◆ YOUR INSTRUCTIONS: Leaving out all pictures, give again each line exactly, from the start of the listing through the line that contains "Markus Katterle (directeur".
- - - - - - -
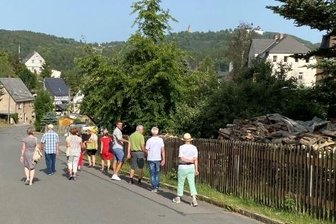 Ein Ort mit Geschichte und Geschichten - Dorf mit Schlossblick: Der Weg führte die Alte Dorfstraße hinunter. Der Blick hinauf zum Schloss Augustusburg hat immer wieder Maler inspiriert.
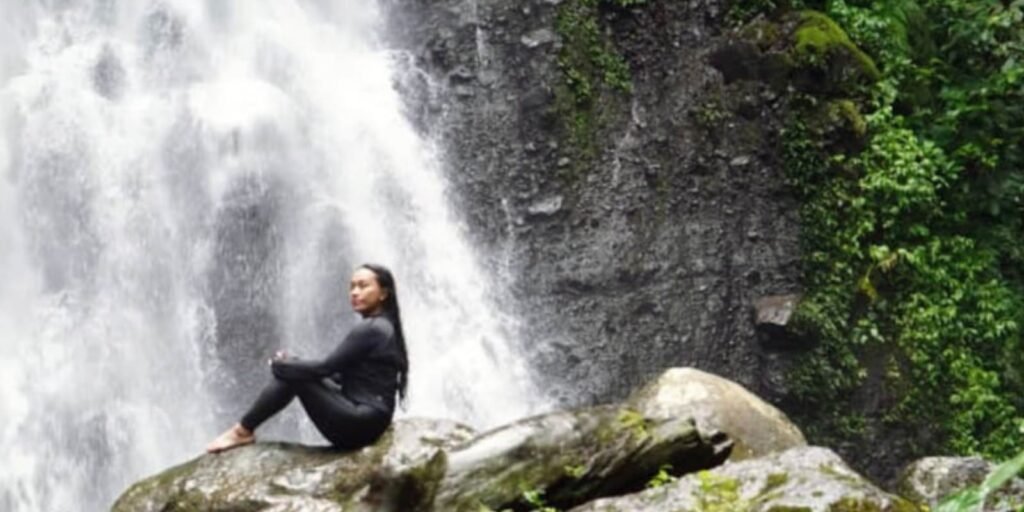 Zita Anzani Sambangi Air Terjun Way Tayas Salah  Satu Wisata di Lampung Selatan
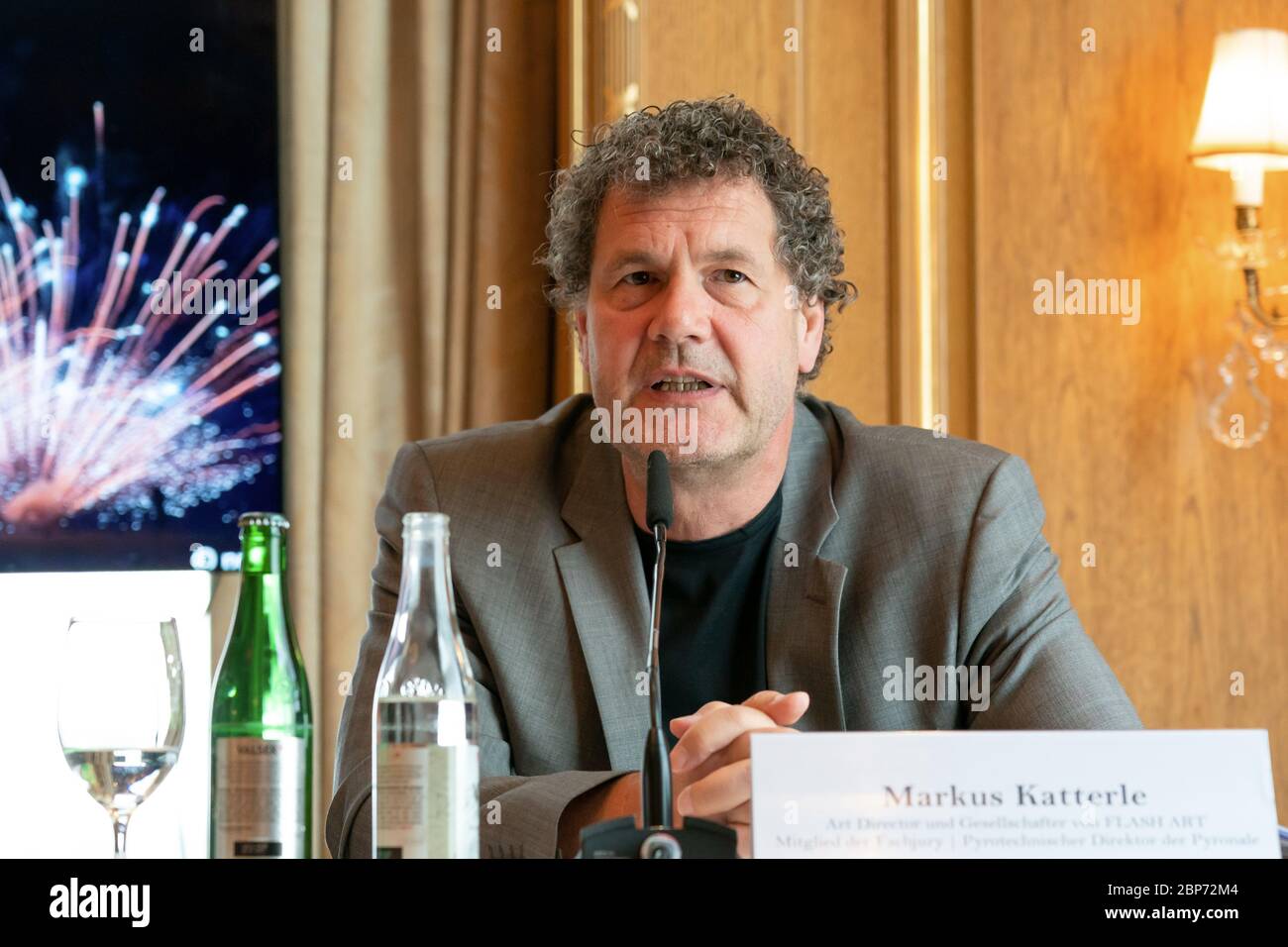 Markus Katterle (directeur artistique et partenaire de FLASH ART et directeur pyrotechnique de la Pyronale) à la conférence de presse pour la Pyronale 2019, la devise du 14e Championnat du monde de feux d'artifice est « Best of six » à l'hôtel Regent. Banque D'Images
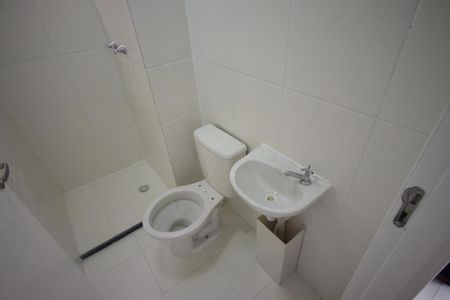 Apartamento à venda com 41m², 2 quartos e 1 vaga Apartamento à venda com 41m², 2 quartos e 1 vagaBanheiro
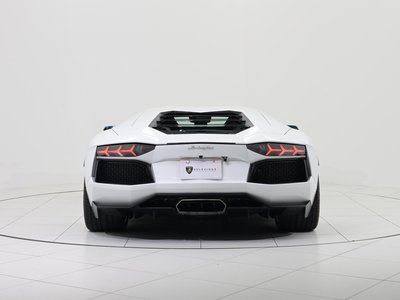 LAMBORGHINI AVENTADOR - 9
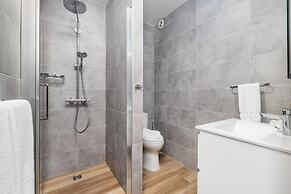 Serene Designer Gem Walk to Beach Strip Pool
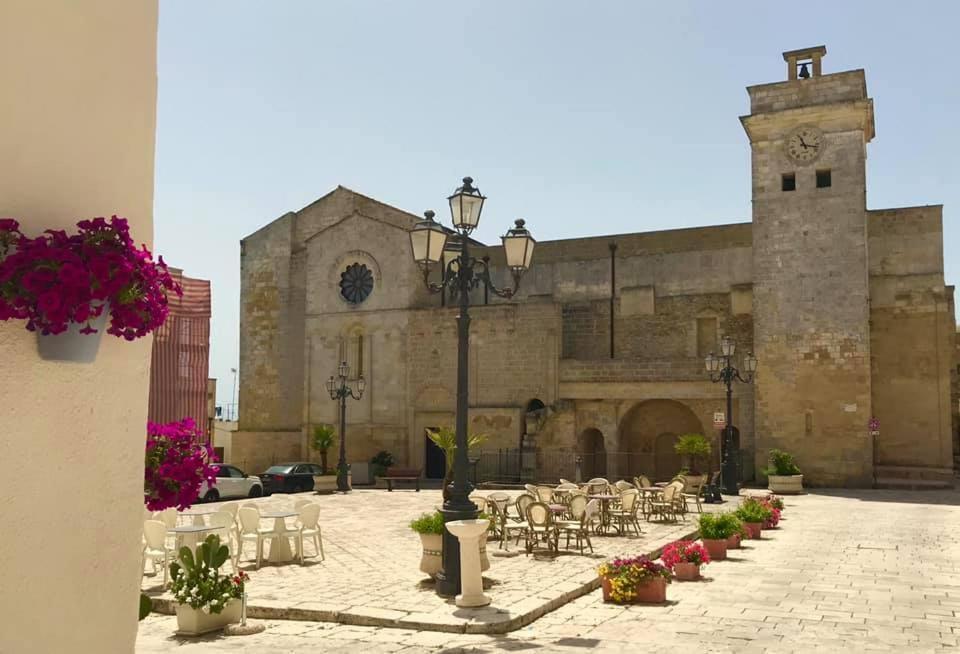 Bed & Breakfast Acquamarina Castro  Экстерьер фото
- - - - - - -
◆ SOLUTION FOR THIS EXERCISE:
 Ein Ort mit Geschichte und Geschichten - Dorf mit Schlossblick: Der Weg führte die Alte Dorfstraße hinunter. Der Blick hinauf zum Schloss Augustusburg hat immer wieder Maler inspiriert.
 Zita Anzani Sambangi Air Terjun Way Tayas Salah  Satu Wisata di Lampung Selatan
 Markus Katterle (directeur artistique et partenaire de FLASH ART et directeur pyrotechnique de la Pyronale) à la conférence de presse pour la Pyronale 2019, la devise du 14e Championnat du monde de feux d'artifice est « Best of six » à l'hôtel Regent. Banque D'Images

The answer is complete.